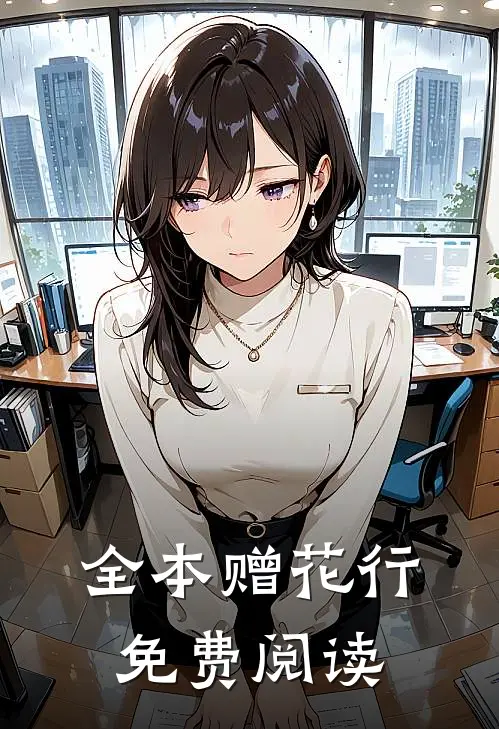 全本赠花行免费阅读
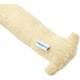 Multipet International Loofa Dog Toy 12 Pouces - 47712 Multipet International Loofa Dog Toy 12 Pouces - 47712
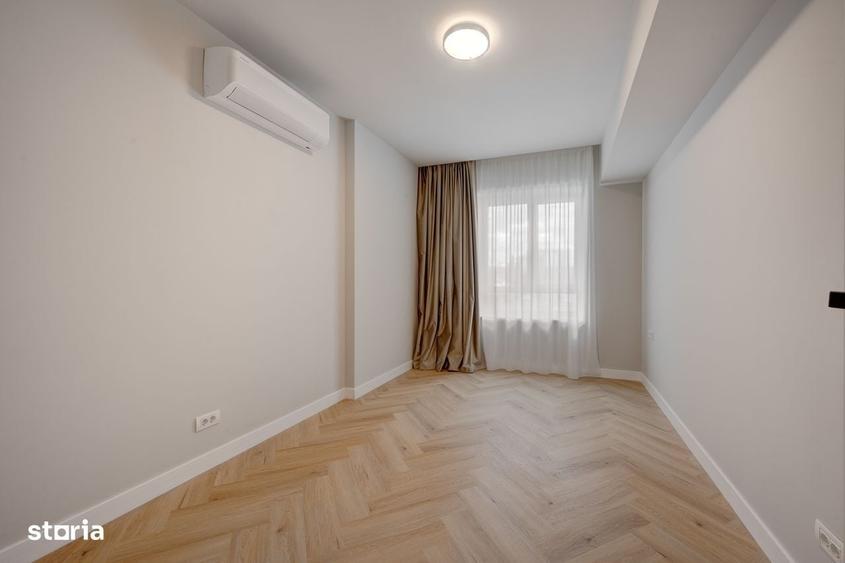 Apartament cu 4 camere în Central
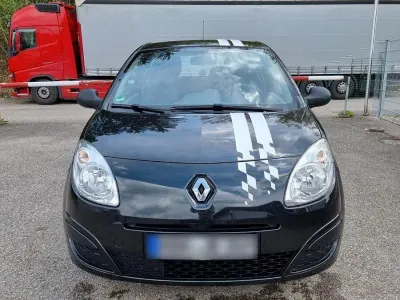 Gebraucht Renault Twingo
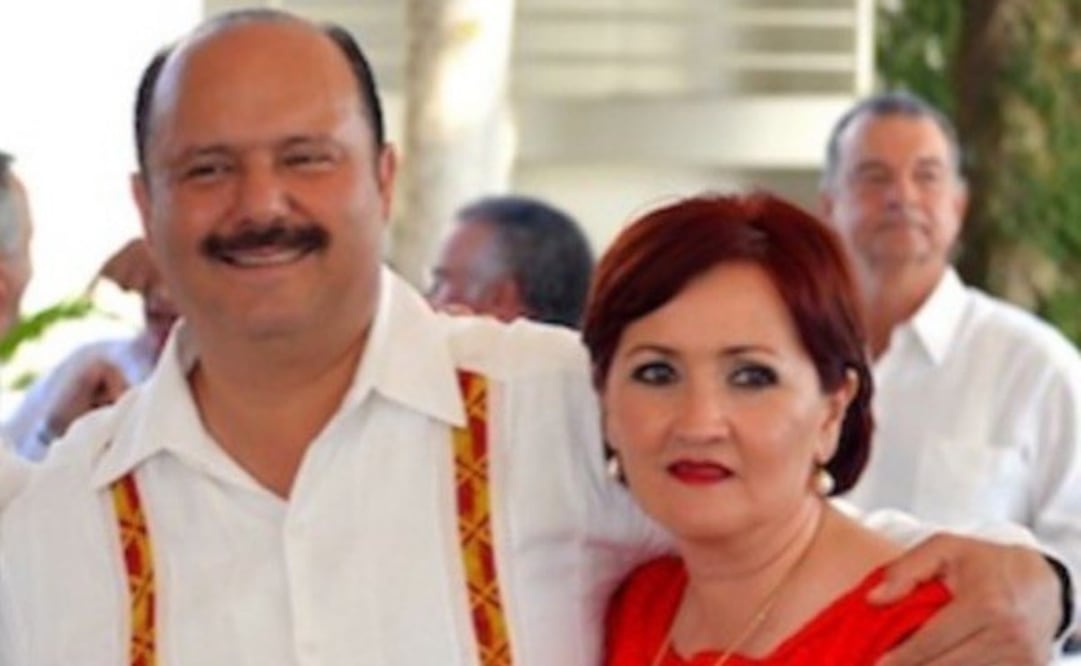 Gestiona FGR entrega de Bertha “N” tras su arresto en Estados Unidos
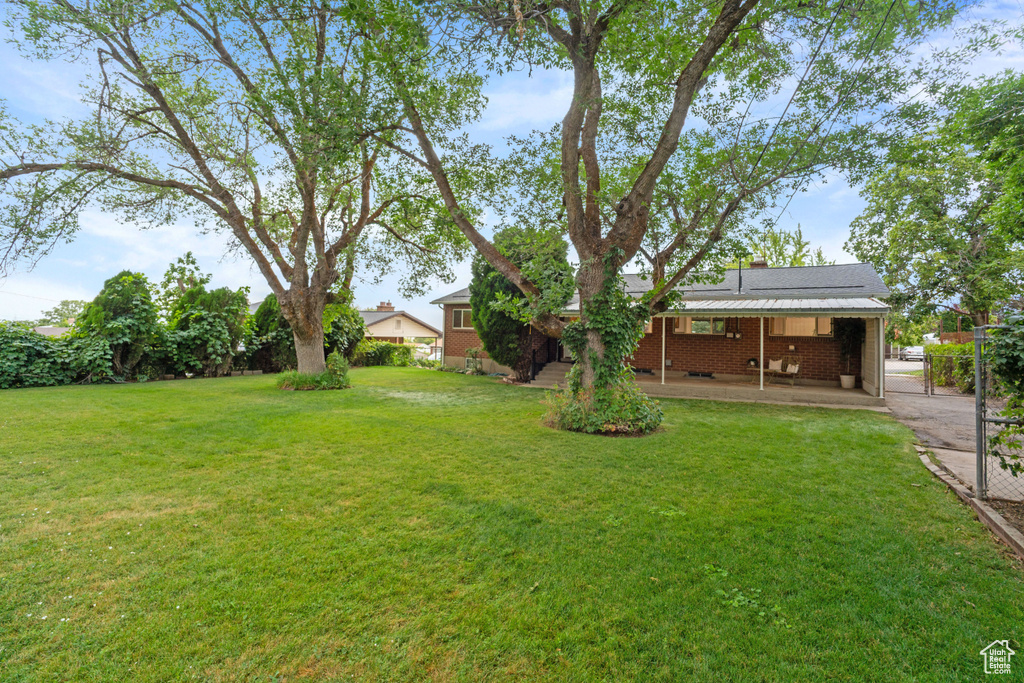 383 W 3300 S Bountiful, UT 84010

(What you need to do)
Each record must be repeated exactly, and no picture may be carried over.

(Answer below)
 全本赠花行免费阅读
 Multipet International Loofa Dog Toy 12 Pouces - 47712 Multipet International Loofa Dog Toy 12 Pouces - 47712
 Apartament cu 4 camere în Central
 Gebraucht Renault Twingo
 Gestiona FGR entrega de Bertha “N” tras su arresto en Estados Unidos
 383 W 3300 S Bountiful, UT 84010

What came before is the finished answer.